More than three drivers a month on average get on the 19-mile Triangle Expressway going the wrong way, Memory said. The Turnpike Authority knows this because the sensors embedded in the pavement to help collect tolls were also designed to detect when a vehicle is going the wrong way.
The system then sends an email to the expressway’s operators in the control room, letting them know what it has detected. The operators then use the cameras along the freeway to find the wrong-way driver before calling the State Highway Patrol. More often than not, the sensors have picked up a mower or maintenance truck, Memory said, and not a true wrong-way driver that state troopers need to stop.
“We don’t want them chasing down a mower 30 times a month,” he said.
Still, the system is slower than it needs to be; it takes 90 seconds or more for the email to reach the control room, then more precious time to actually confirm the wrong-way driver.
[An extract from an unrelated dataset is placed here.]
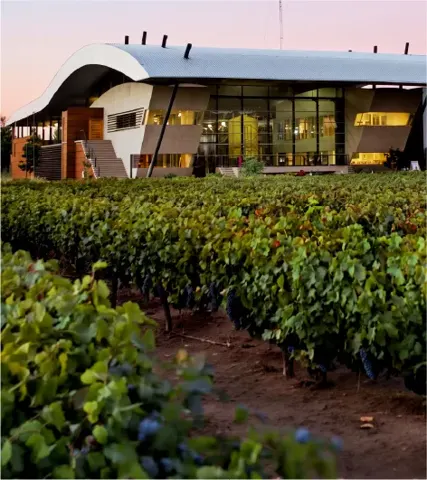 Viña Estampa, restaurantes con descuento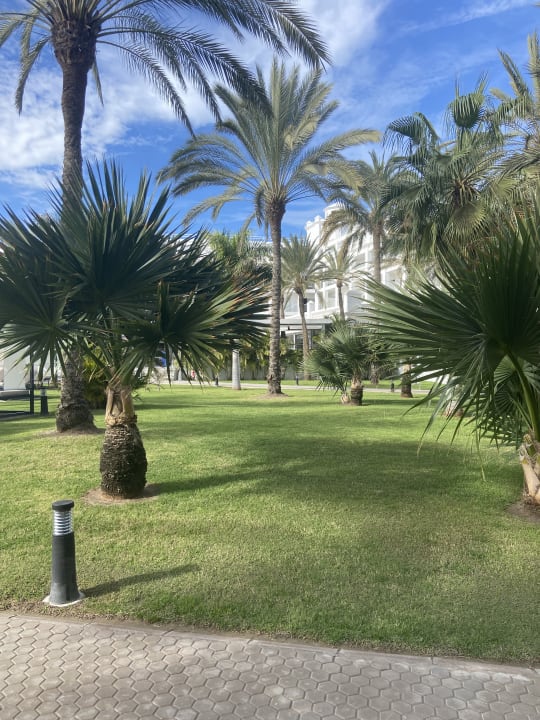 Pool Hotel Riu Palace Maspalomas Adults Only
So this winter, the Turnpike Authority will begin testing an enhanced version that includes “Wrong Way” and “Do Not Enter” signs that will light up when the sensors detect a vehicle going the wrong way. In addition to the email, it will also send pop-up messages and videos of the wrong-way vehicle to the screens of turnpike operators, reducing the time it takes to confirm that it’s not a mower or maintenance truck.
The authority will test the system in as many as four places along the Triangle Expressway. Using what it learns there, the authority will have the new technology in place along the 20-mile Monroe Expressway in Union County when it opens late next year. Then it will be deployed all along the Triangle Expressway.
The NCDOT study found that alcohol was the most common factor in wrong-way crashes, playing a role in about half of them. Nine out of 10 crashes took place at night.
But Memory said the Triangle Expressway data shows that people use exit ramps to get on the freeway at all hours of the day, often out of simple confusion. Since the road opened six years ago, there have been no wrong-way crashes on the Triangle Expressway, in part because of the existing early-warning system and because wrong-way drivers often catch themselves and turn around.